Well done on a strong quarter. It looks like record customer adds. Just maybe just touch through -- is there a way to correlate the ARR growth to customer rates? Or is there an element of ramp-up within that customers? Because the ARPU looks a little bit lower than your historic average. Just maybe just talk through how much of the new customer adds are booked in that ARR.
Yes. For sure. So we've had really consistent sales execution and delivery fortunately with Q1, and that's an enduring trend through Q2 and beyond for FY '21. The new customers that we've onboarded in this period have had almost no impact to our ARR because most customers, they start -- we encourage them to start small to get a rapid return on investment and to build out capabilities over time. And so these new customers will make a contribution to revenue and to accelerating the growth of the ARR over Q2, Q3 and Q4. So it gives us a real spring in our step. Normally, Q1 sales for us -- because of our annual sales cycle and our engagement with channel partners, Q1 is normally a quiet month for sales. So it's very encouraging to see such strong demand in the market in Q1. And we really look forward to seeing that make a contribution over the coming quarters.
Good one. Okay. Good to hear. And then maybe can we -- if we look across -- in August, your full year results, you're talking about a pretty strong pipeline, talking about average deal sizes being large, looking forward with confidence in terms of customer numbers. Can you maybe just talk about how that pipeline is moving? Is it strengthening? Is it just converting on that pipeline? If the deal sizes are still getting larger.
Yes. We're trying to be disciplined and not talk about sales on a quarter-by-quarter basis, but I think we can provide some color in the sense we go -- if we look at what the sales pipeline was at this time last year to where it is now, the sales pipeline is more than 2x larger than it was this time last year. We had substantial coverage. We have nearly 5x coverage in terms of qualified pipeline opportunities versus what we need to retire in terms of signings. So that gives us a high degree of confidence around signings and the performance of the sales function in the business for the next quarter. It's a really -- it's unprecedented and actually they had such really strong metrics, but it gives us a very healthy platform. And we take that with the improved cash performance. We're nearly $1 million ahead of where we thought we'd be at this time. The business [ has average shortfall ].

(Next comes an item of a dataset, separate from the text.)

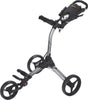 Bag Boy Golf Compact 3 Silver/Black Pull Cart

Maybe just one from me, just on the different gears of the U.S. So of the 35 net that you added, maybe the percentage of that, that came from the U.S. And I understand there's been some change in management over there just in the early wins since that transition.
Yes. So the story about the U.S. is really about being doing the plumbing and the pre-work with that channel partner. So we've got quite chunky and substantial engagement with our channel partners around aligned go-to-market over there. So we're building pipeline in the U.S. and with a real sense of vigor. We are going to provide a North American market update and provide some more specific color on the U.S. go-to-market strategy in early November. I think that will be the time where we'll talk about the maturity of the go-to-market strategy there.
Your next question comes from Jules Cooper from Shaw and Partners.
Congratulations on a good quarter. Jeromy, one thing I just wanted to pick up on there was the digital direct strategy. That looks like it is really starting to kick into gear. Could you maybe just elaborate on how you're thinking about pricing in this area of the market and just what the upfront, if anything, charge would be for SMEs? Or is it sort of a very much use it and pay for what you use kind of approach to that market?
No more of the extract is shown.